L'analisi

Il 70% dell’energia svizzera arriva da fuori

Secondo gli esperti lo stop tedesco non avrà comunque ripercussioni significative nel nostro Paese
©Gabriele Putzu
Dario Campione
15.04.2023 06:00

Secondo un recente studio della Fondazione svizzera per l’energia (FSE), la produzione interna di energia nel nostro Paese copre meno del 30% del fabbisogno. Il restante 70% dev’essere acquistato dall’estero. E la Confederazione spende per questo, in media, 8 miliardi di franchi l’anno. Nel 2022, con l’innalzamento dei prezzi dovuto all’invasione dell’Ucraina e alla conseguente interruzione dell’erogazione di gas dalla Russia, la cifra si è addirittura attestata attorno ai 13 miliardi.

Il tasso di indipendenza energetica del 29,7% (dato 2021) colloca la Svizzera nelle ultime posizioni della classifica europea. Tuttavia, sottolinea l’FSE, la Confederazione è riuscita ad aumentare la produzione propria del 10% in 20 anni, passando (dal 2001 al 2021) da circa il 20% a quasi il 30%.

Stando alle analisi della FSE, la transizione energetica dalle fonti fossili e nucleari verso quelle sostenibili rafforzerà ulteriormente l’indipendenza energetica del Paese. Il motivo è da ricercare nell’elettrificazione - ovvero la sostituzione di tecnologie e servizi che usano combustibili fossili con quelli che usano elettricità ricavata da fonti rinnovabili - di molti esercizi, oltre che nell’espansione delle capacità di produzione di elettricità in territorio nazionale.

Quote minime

Massimo Filippini, ordinario di Economia politica all’USI e al Politecnico di Zurigo, è diretto: «Non penso che la chiusura delle centrali tedesche determinerà un impatto rilevante sulla sicurezza di approvvigionamento, sui prezzi dell’elettricità e sulle emissioni di CO₂ - dice al CdT - Il ruolo del nucleare nel sistema elettrico tedesco è piuttosto limitato, all’incirca il 6% della produzione nel 2022 e meno del 6% nei primi mesi invernali del 2023. Per la Germania sarà più importante espandere ulteriormente le fonti rinnovabili, che oggi rappresentano il 47% della produzione, per sostituire le centrali a carbone».

Per il mercato elettrico svizzero e per quello europeo, aggiunge Filippini «è molto più importante l’andamento della produzione delle centrali nucleari francesi.

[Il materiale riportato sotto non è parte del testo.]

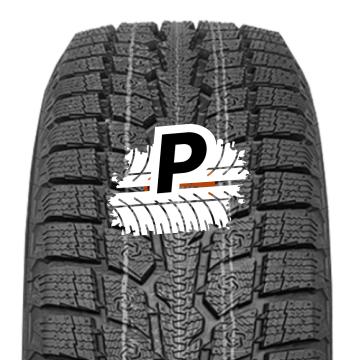 TOYO OBSERVE GSI6 285/50 R20 116H XL M+S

Lo dimostra il fatto che l’importante riduzione nel 2022 della produzione delle centrali transalpine per questioni di sicurezza ha contribuito a far salire in modo importante i prezzi dell’elettricità in tutta Europa».

Anche secondo Giovanni Leonardi, presidente della Azienda elettrica ticinese (AET), lo spegnimento delle ultime tre centrali nucleari tedesche rimaste sin qui attive non avrà conseguenze dirette per la Svizzera. «I meccanismi di funzionamento del mercato dell’energia elettrica non sono legati alla singola fonte di produzione - dice Leonardi al CdT - L’energia si compra su una piattaforma di scambio, una sorta di Borsa, quindi non dai singoli Paesi ma dai distributori». È chiaro che fisicamente, molta dell’energia acquistata dal nostro Paese «arriva dalla Germania e dalla Francia, le nazioni a noi più vicine, ma sinora, nonostante tutto, non ci sono stati grandi problemi». Paradossalmente, avverte Leonardi, «le maggiori difficoltà sono dipese dallo spegnimento per manutenzione di parte dei reattori francesi. I tedeschi hanno già dismesso 15 centrali nucleari, ma per compensare ne hanno riattivato alcune a carbone. La disattivazione delle ultime tre non cambia lo scenario. In ogni caso, vedremo che cosa succederà nei mesi che ci aspettano, quale sarà il prossimo passo della politica tedesca e quali decisioni saranno prese sull’utilizzo del gas e delle fonti rinnovabili».